START Supplied material

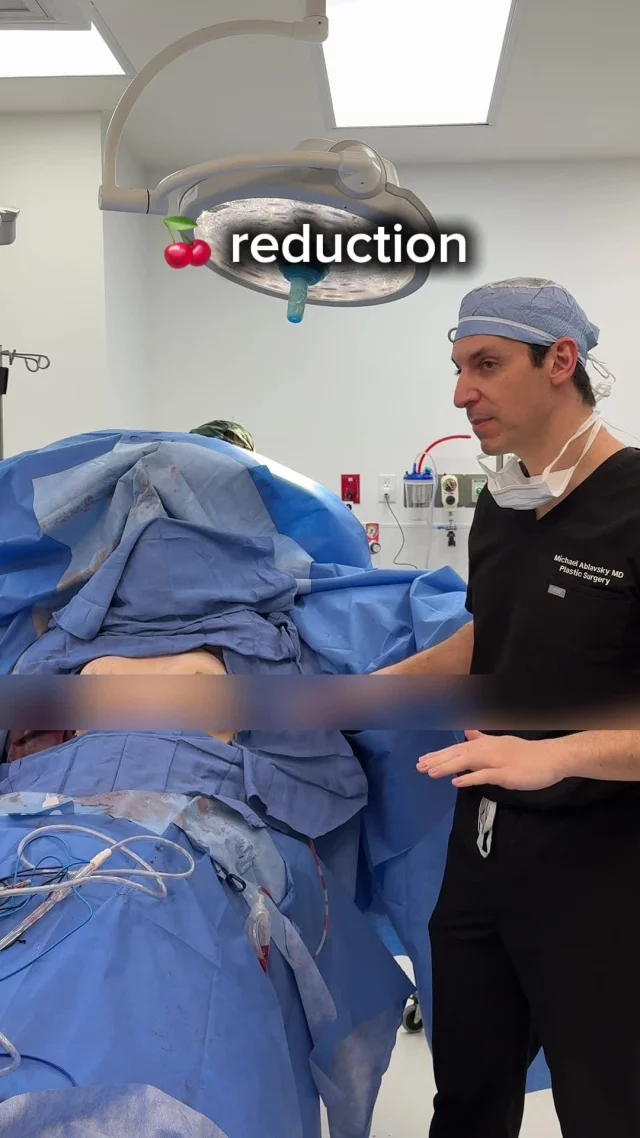 🍒 Reduction Results
ㅤ

#BreastReduction #BreastAugmentation #Mommymakeover
ㅤ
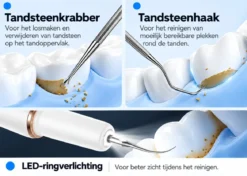 Oral Icon® Elektrische Tandsteen Verwijderaar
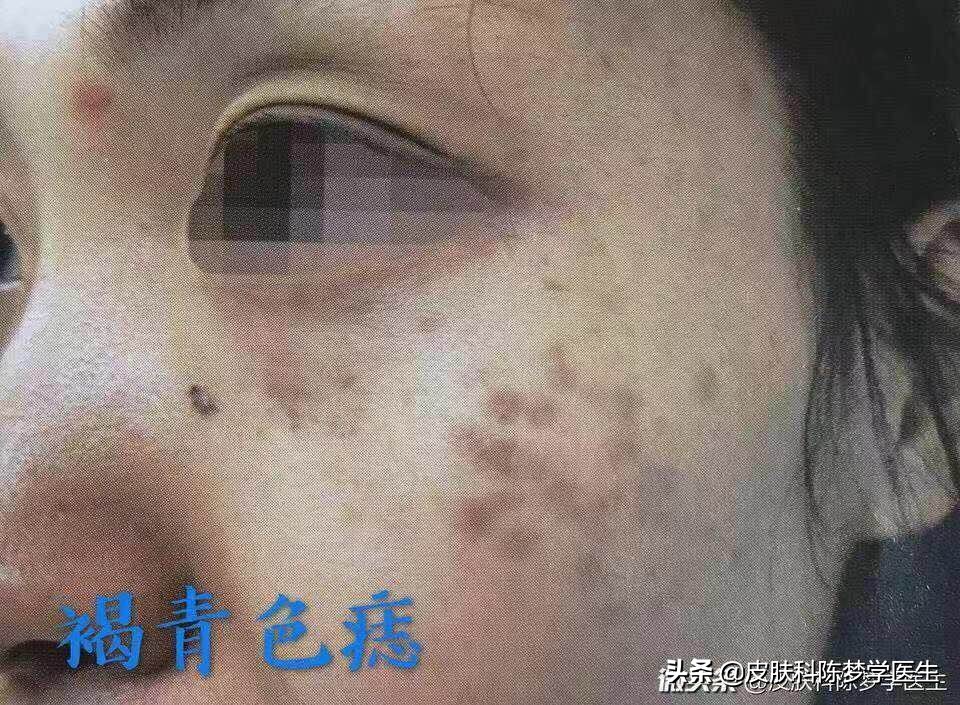 色斑的种类及治疗,色斑属于常见的什么皮肤问题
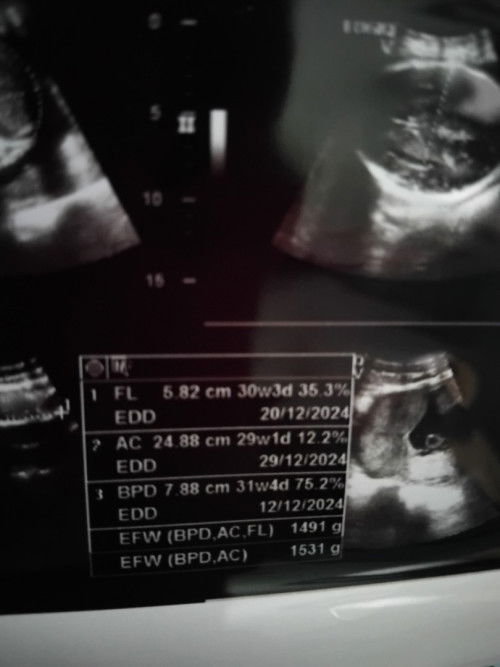 Bun maaf mau tanya kemarin aku usg tapi ko gak ada hasil ukuran panjang janin yah ?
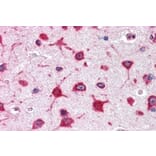 Immunohistochemistry - Anti-RPL8 Antibody (A83513) - Antibodies.com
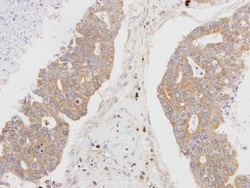 Invitrogen MSTO1 Polyclonal Antibody 100 &mu;L; Unconjugated:Antibodies,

END Supplied material

• [What you will do]
Give back every entry in full, exactly as written, with no picture included.

• [Output of the exercise]
 🍒 Reduction Results
ㅤ

#BreastReduction #BreastAugmentation #Mommymakeover
ㅤ
 Oral Icon® Elektrische Tandsteen Verwijderaar
 色斑的种类及治疗,色斑属于常见的什么皮肤问题
 Bun maaf mau tanya kemarin aku usg tapi ko gak ada hasil ukuran panjang janin yah ?
 Immunohistochemistry - Anti-RPL8 Antibody (A83513) - Antibodies.com
 Invitrogen MSTO1 Polyclonal Antibody 100 &mu;L; Unconjugated:Antibodies,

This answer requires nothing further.